Belediyeler kültürde daha aktif olmalılar
Parti ayırt etmeksizin söylüyorum, birçok belediye maalesef kültür faaliyetlerinde dökülüyor. Dökülmelerinin sebebi ileriye dönük kültürel yatırım yapmaktan çok, yapılan etkinlikleri oya tahvil etme ve günü kurtarma anlayışının hâkim olması. Hal böyle olunca kalıcı, kaliteli, köklü işler yapmak zorlaşıyor. Gelecek nesillerin kültür hayatımıza yapacakları potansiyel katkılardan ziyade bugünün şöhretlilerinin ikbali düşünülüyor. Kültür işlerinde şöhretli isimler pastadan en büyük payı alırken geriden yetişen yahut pek isim yapmamış kültür insanları geri plana itiliyor. Çünkü şöhretlilerin halk nezdinde bir piyasası oluşmuş, belediyeler bu piyasada oyun kurarak halkın görmek istediği isimleri sahneye çıkarıyorlar.
Vatandaşın, ekranlarda ya da sosyal medyada gördüğü, imrendiği isimleri kendi muhitinde, kendi yerelinde görmek istemesi ve bundan haz duyması gayet normal bir durum. Ancak bunun abartılması, ilgili ilgisiz her ismin belediyelerde çeşitli programlara davet edilmesi gerçekten ilginç ve ne yazı ki işin cılkı çıkarılmış vaziyette. Mesela bir dönem sağı solu bolca oynayan ve ekranlarda sabah programlarında arz-ı endam eden birtakım isimler sırf kadınlar çok seviyor diye, yüksek ücretlerle belediyelerin kültür programlarına davet ediliyorlardı. Bilhassa kadınların oyuna talip olan belediye başkanları ise bu tip insanları kullanarak seçim yatırımı yarışına giriyorlardı.
Seviyesizlik ve cehalet timsali tiplerin sırf popülariteleri yüzünden yüksek ücretlerle programlara davet edilmesi uzunca bir dönem eleştiri konusu olmuştu. Ne yazık ki şimdilerde de durum çok farklı değil. Yüksek kaşe bedelleriyle konser verdirilen şarkıcılar, ekran popülaritesi yüzünden yüksek ücretlerle davet edilen hacı-hoca tayfası, tartışma programlarının gözdesi olmuş kimi medya maymunları halkın kültürel ihtiyaçlarını doyurmaktan öte davet edildikleri ortamlarda şöhretlerinden yararlanmak isteyen politikacılar için vazgeçilmez birer kaynak konumundalar.

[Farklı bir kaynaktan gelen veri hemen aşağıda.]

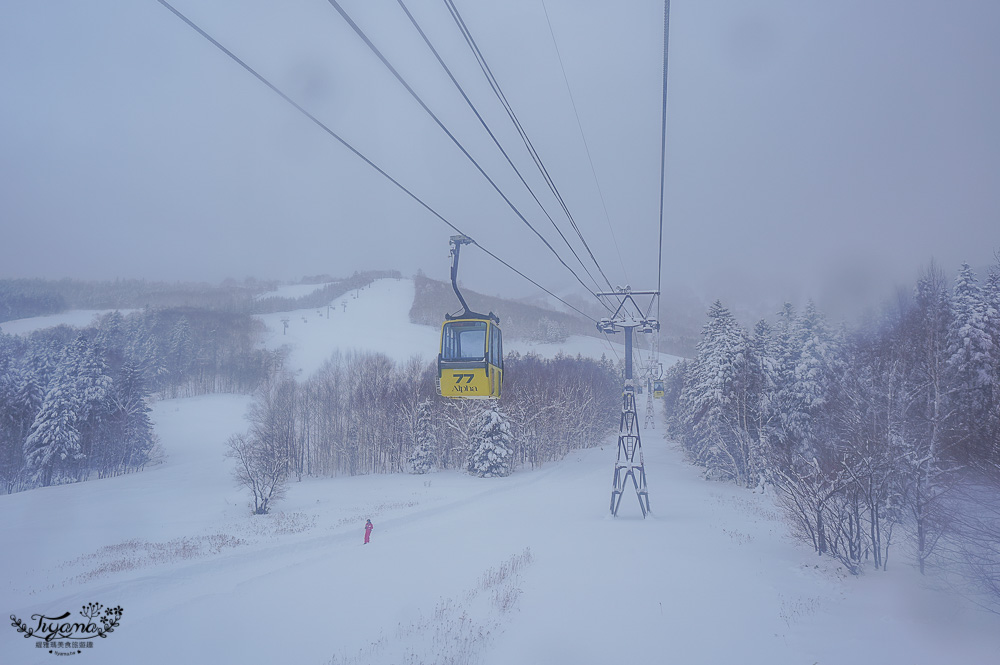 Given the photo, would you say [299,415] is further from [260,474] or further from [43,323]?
[43,323]

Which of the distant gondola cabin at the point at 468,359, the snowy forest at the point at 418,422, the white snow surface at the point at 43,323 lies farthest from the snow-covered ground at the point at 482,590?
the white snow surface at the point at 43,323

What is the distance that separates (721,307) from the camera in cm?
4694

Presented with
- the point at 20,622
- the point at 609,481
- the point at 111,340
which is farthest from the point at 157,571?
the point at 111,340

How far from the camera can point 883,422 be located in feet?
66.6

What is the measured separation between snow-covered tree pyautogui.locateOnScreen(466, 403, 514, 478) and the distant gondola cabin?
40871mm

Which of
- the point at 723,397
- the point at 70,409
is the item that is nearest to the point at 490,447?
the point at 723,397

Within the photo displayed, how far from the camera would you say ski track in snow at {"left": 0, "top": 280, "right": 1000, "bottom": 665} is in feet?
38.7

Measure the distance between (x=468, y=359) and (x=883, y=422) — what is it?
19136 millimetres

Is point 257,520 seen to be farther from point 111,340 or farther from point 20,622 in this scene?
point 111,340

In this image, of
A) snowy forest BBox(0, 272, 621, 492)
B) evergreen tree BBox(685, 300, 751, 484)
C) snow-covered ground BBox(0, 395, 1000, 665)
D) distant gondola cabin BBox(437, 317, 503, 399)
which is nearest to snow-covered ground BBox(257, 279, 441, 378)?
snowy forest BBox(0, 272, 621, 492)

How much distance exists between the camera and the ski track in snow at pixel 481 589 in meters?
11.8

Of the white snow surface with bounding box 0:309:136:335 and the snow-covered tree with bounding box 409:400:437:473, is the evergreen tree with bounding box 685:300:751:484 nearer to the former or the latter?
the snow-covered tree with bounding box 409:400:437:473

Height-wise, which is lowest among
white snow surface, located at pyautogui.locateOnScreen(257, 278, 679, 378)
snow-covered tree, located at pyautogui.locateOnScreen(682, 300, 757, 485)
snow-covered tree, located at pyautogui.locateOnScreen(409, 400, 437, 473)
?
snow-covered tree, located at pyautogui.locateOnScreen(409, 400, 437, 473)

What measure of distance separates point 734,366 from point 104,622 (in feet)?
139
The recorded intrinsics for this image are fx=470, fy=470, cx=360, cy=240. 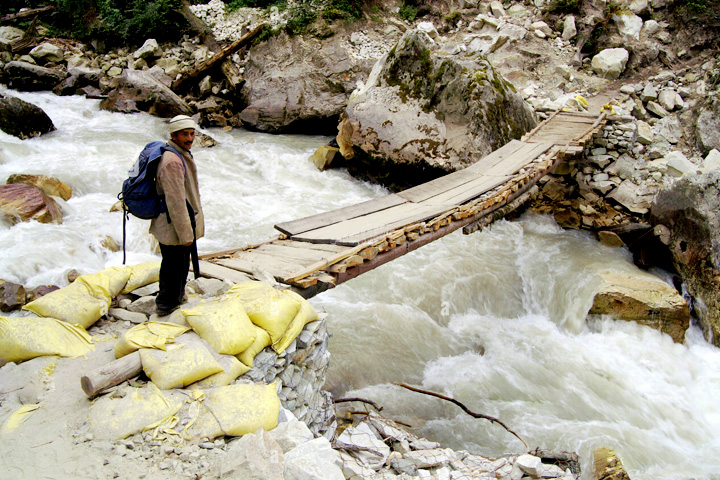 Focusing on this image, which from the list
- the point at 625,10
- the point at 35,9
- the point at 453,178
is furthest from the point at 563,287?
the point at 35,9

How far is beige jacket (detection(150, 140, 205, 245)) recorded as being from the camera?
9.58ft

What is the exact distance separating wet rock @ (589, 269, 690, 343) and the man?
19.4 ft

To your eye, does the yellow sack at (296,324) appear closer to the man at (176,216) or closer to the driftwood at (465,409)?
the man at (176,216)

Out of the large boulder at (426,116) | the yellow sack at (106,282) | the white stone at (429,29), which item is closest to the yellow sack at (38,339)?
the yellow sack at (106,282)

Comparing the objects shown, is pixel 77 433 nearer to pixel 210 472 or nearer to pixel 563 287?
pixel 210 472

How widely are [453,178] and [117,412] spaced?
589 centimetres

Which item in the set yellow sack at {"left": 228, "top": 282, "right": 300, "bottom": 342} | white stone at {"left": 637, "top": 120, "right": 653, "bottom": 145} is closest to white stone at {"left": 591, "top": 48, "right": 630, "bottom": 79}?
white stone at {"left": 637, "top": 120, "right": 653, "bottom": 145}

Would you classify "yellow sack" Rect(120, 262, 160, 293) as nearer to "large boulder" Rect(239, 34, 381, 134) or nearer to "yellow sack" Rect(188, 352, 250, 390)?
"yellow sack" Rect(188, 352, 250, 390)

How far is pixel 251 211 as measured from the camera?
27.7 feet

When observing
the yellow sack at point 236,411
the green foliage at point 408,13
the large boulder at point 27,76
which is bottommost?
the yellow sack at point 236,411

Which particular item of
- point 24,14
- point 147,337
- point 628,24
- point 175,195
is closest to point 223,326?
point 147,337

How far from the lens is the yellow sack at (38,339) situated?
2.68 meters

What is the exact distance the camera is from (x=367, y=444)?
3.60 metres

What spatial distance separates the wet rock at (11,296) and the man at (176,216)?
2.89 m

Oysaki tiyatro, edebiyat, sinema, musıki gibi alanlarda destek bekleyen ve geriden yetişen, becerileriyle göz dolduran o kadar çok genç yetenek var ki bunların bir şekilde desteklenmesi gerekiyor. Ayrıca zikrettiğimiz alanlarda insan yetiştirmeye dönük ve okul vazifesi gören yapılanmalara da ihtiyaç var. Bu alanın ihmal edilmemesi gerekiyor. Belediyelerin sorumlu oldukları beldelerde önce sahne, kültür merkezi vb. fiziki altyapıyı geliştirmeleri, sonrasında buralarda okula hatta ekole dönüşmüş yetiştirme faaliyetleri yürütmeleri gerekiyor. Sürekli şöhretli isimleri sahneye çıkararak başka insanların yetişmeleri için girişimde bulunmamak geleceğe yatırım yapmamakla aynı kapıya çıkıyor.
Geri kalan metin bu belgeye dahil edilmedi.